今日は楽隊の人達も出張っているので、私は八十女さんに布巾で丁寧に拭き上げて貰い身体を清潔にして早めにおネムです。
この時代では当たり前の事とはいえ、もう一ヶ月近くお風呂に入っていないのは頭が疼いて気持ち悪いし、家に帰ってお爺さんとお婆さんに会いたいという気持ちが膨れ上がってきます。
擦り減りそうな精神を光の玉で癒して、就寝しました。
◇◇◇◇◇
忌部の巫女さんが私を起こしに来ました。
たぶん夜中の二時か三時頃ではないでしょうか?
普通の子供ならグズるところですが、中身アラサーで元社会人の私は何て事ありません。
カフェインたっぷりのコーヒーをイメージした光の玉を自分に当てて、気持ちをシャキッとさせます。
皆さんが集まっているお部屋に行くと、萬田先生を始め巫女さんたちが準備を始めていました。
私はというと、忌部氏の小道具係の人に手伝って貰い着替えました。
今回の舞に関して私は一切口出ししていませんので、本番の衣装も今日始めて見ました。
基本コンセプトは昨年の小正月の衣装に似ていて、朱色の裳も健在です。
大きく違うところは頭飾りの様なモノを頭に付ける事です。
何だか古代の巫女さんっぽい感じがします。
取り外す時によく見さして頂いて、後でスケッチしておきましょう。
私達の出番は晦日から続く祭事が終わった後で、舞の時間まで少なくとも九時間以上あるので、飾りくらいは現場で付ければいいと思っていました。
しかし宮に入る際に厳重なチェックがあるので、身なりを完全に整えておかなければならないのだそうです。

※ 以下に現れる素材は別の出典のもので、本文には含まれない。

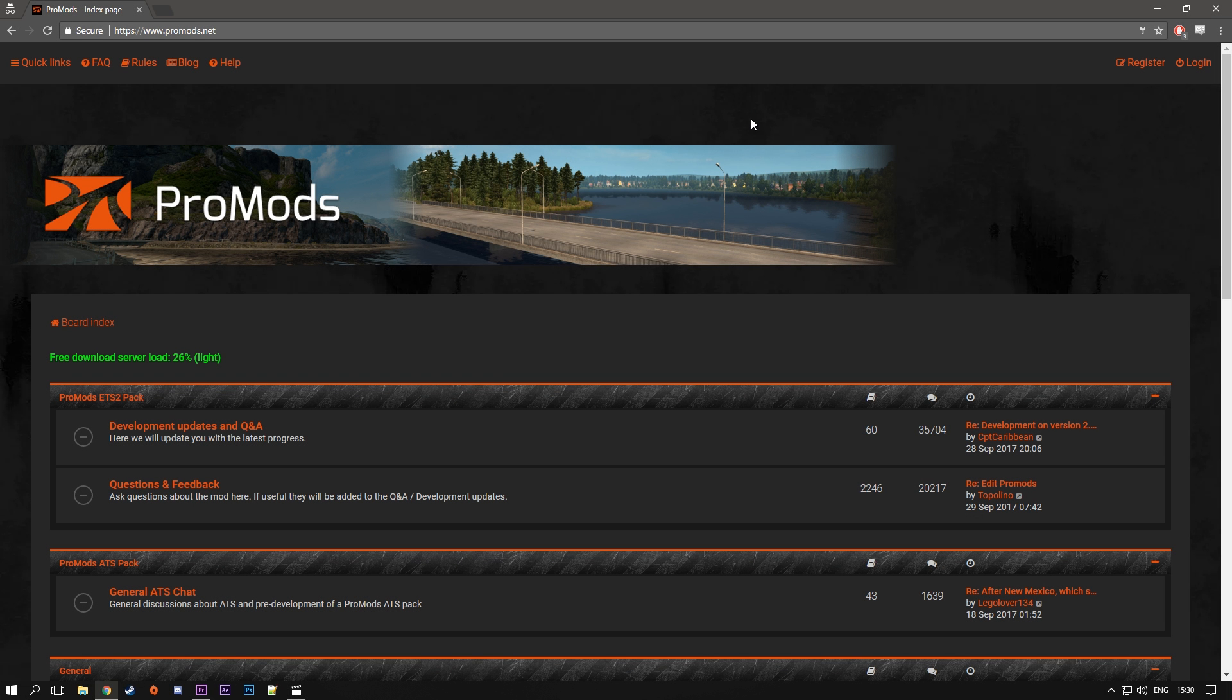Hi guys, Alpha here and welcome back to another video. So today's video is the second one in the ETS2 for beginners series.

そして順番が来るまで舞台袖で控えなければならないのだとか。
偉い人ばかりの場所で私のような平民同然の幼女に気を遣って貰えるなんてあり得ないでしょう。
じっと寒空の下でスースーする正装を纏い、寒さに震えて我慢するしか無いみたいです。
考えただけで気が遠くなりそう。
一時間程で全員の準備が終わり、真っ暗な外の下、宮へと向かいます。
舞は昼過ぎなのにどうして夜明け前から?
……と思っていましたが、何故こんなに早く来たのかよく分かりました。
チェックが異様に入念なのです。
もしかしたら検閲官の趣味じゃ無いかと思うくらいネチっこく身体の隅々まで調べ尽くします。

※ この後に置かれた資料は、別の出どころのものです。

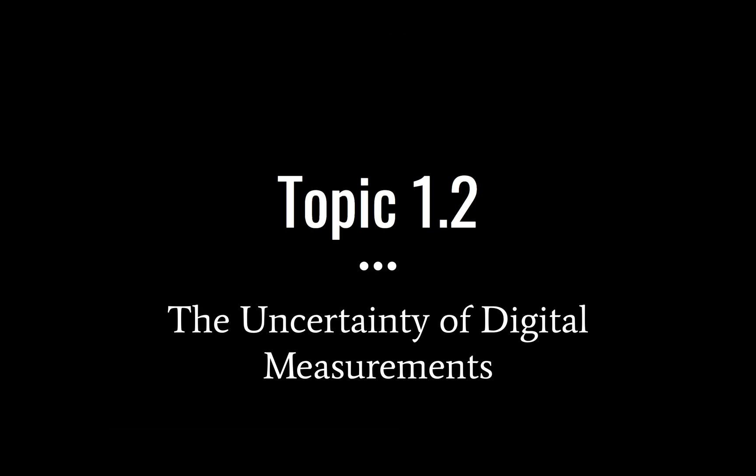Okay, hello gentlemen and any ladies who are also tuning in. Today we're going to look at the uncertainty of digital measurements. This is related to topic 1.2, kind of a subtopic I suppose.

しかし、例の事件が儀礼の真っ最中に行われた事を考えると、当然なのかも知れません。
噂では例の事件の後も色々とあったと聞いています。
しかしここでトラブル発生。神楽鈴が凶器認定されてしまいました。
何処が凶器? と思ったのですが、見慣れないというのがその理由でした。
しかしこれが無いと舞に支障が出ます。
萬田先生が取り成して貰うよう頼み込みますが、検閲官は”聞き耳持たんモード”です。
祭事を担当する中臣氏の方に来て貰い許可を得ようとしたのですが、祭事のまっ最中です。

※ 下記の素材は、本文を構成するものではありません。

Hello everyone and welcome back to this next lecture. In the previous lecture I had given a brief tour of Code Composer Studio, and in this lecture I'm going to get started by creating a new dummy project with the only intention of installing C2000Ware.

使いの代わりに来た人の「祭事でこの様なものは見たことが無い」の一言であえなく撃沈。
いよいよ持ち込みが出来なくなりました。
仕方がありません。萬田先生は扇子を使った舞を披露することを決断し、ぶっつけ本番で舞うことにしました。
この一ヶ月間の練習で扇子を使った舞の練習を全くやってませんが、讃岐の避難生活では散々練習していました。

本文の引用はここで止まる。